→ Exercise aim
Leave out the pictures and output exactly the lines below from the one with "Canapé d'angle gauche" down to the one with "THESAEM Artlook Eyebrow", both of them included.

→ Materials provided
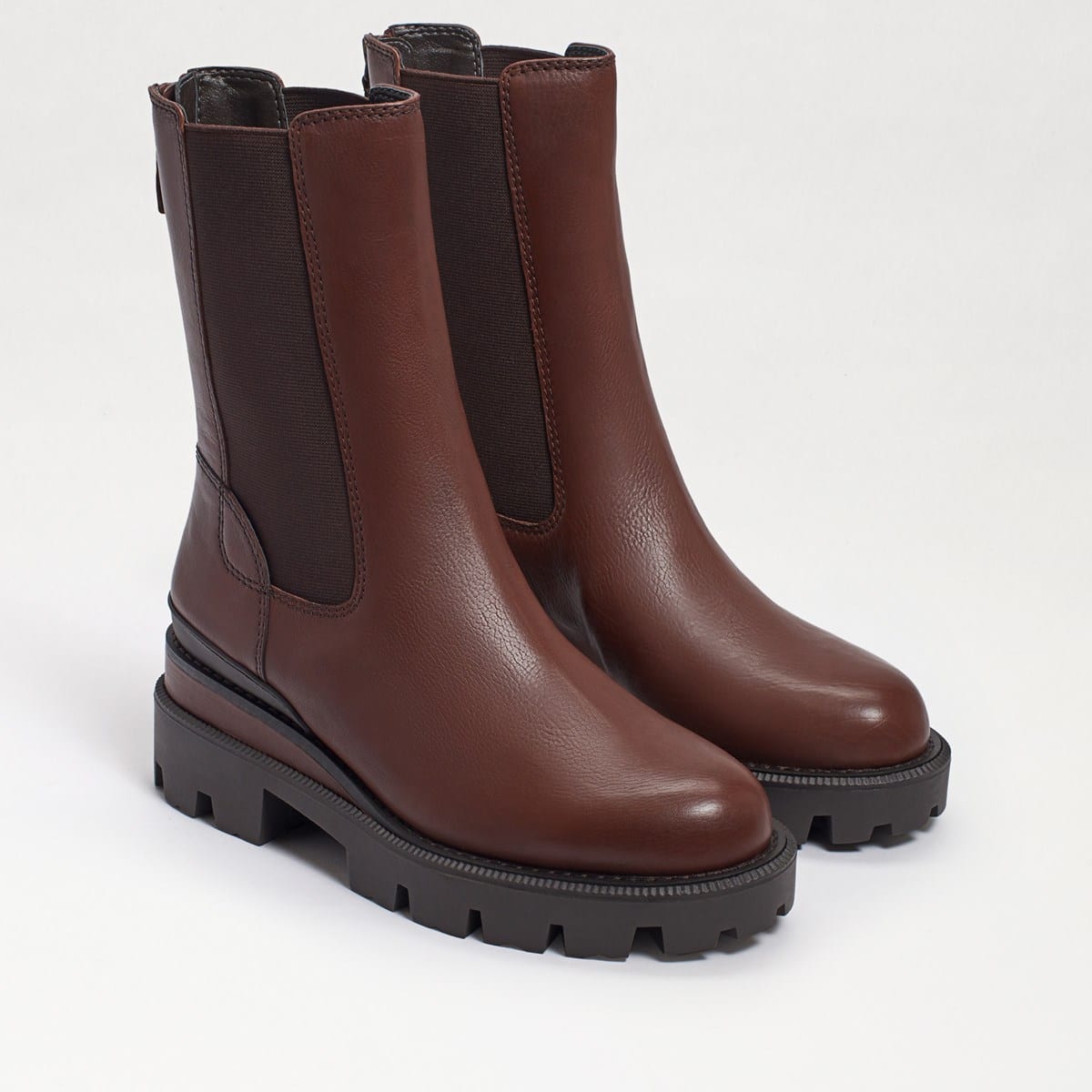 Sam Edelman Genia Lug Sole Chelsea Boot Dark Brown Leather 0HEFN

--

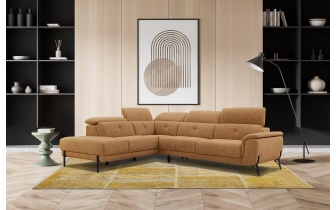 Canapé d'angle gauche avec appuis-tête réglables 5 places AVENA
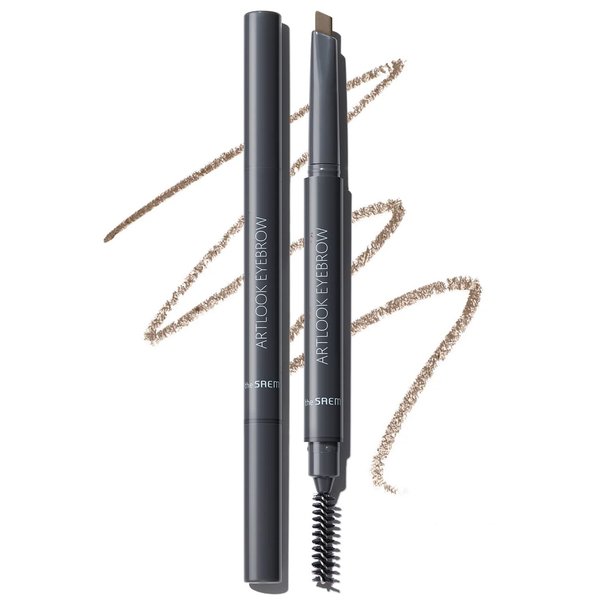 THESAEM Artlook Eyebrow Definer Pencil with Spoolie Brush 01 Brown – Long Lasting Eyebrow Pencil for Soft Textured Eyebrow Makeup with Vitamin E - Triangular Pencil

---

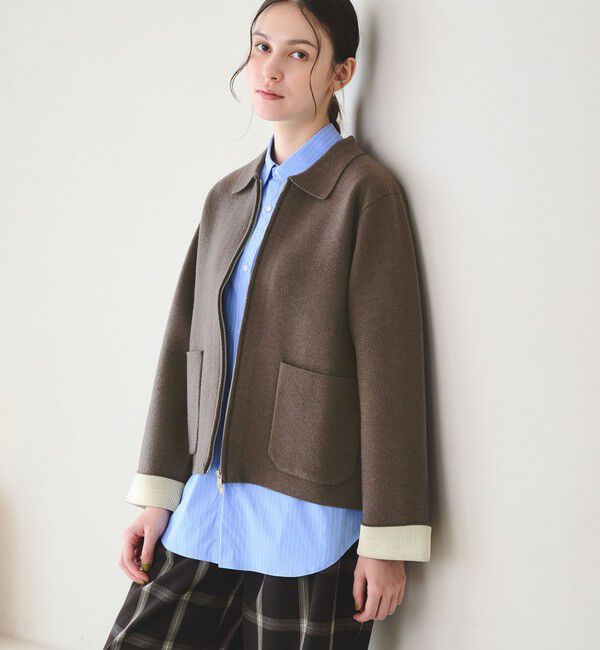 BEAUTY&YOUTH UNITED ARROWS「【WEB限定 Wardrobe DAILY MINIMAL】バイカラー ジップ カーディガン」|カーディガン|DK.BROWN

→ Exercise response
 Canapé d'angle gauche avec appuis-tête réglables 5 places AVENA
 THESAEM Artlook Eyebrow Definer Pencil with Spoolie Brush 01 Brown – Long Lasting Eyebrow Pencil for Soft Textured Eyebrow Makeup with Vitamin E - Triangular Pencil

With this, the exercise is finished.